** Given information **

=-=-=-=-=

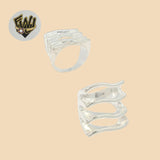(2-5042) 925 Sterling Silver - Alternative Ring - Fantasy World Jewelry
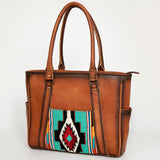 ADBG953 American Darling Saddle Blanket Genuine Leather Women Bag Western Handbag Purse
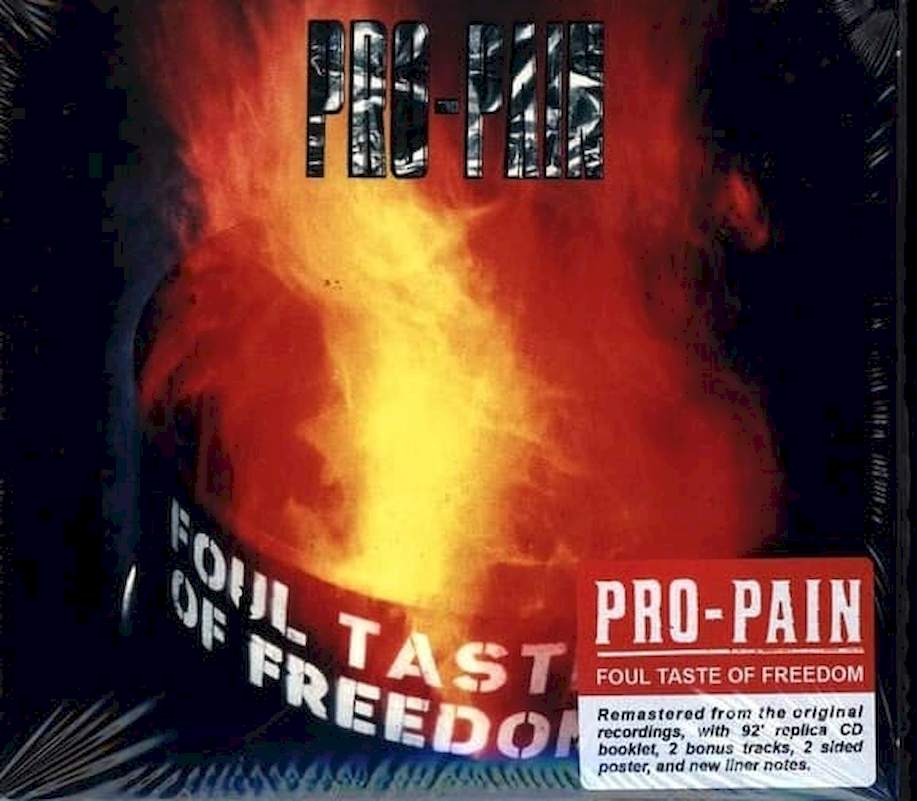 Pro-Pain - Foul Taste Of Freedom - CD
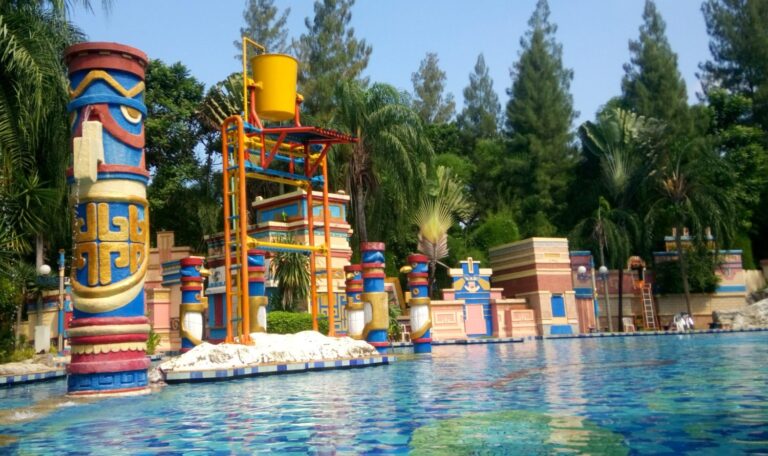 Eldorado Waterpark Legenda Wista Cibubur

=-=-=-=-=

** Task description **
Working from the line with "Pro-Pain - Foul Taste Of Freedom - CD" to the last line of the material above, repeat each line exactly and leave out the pictures.

** Solution to this task **
 Pro-Pain - Foul Taste Of Freedom - CD
 Eldorado Waterpark Legenda Wista Cibubur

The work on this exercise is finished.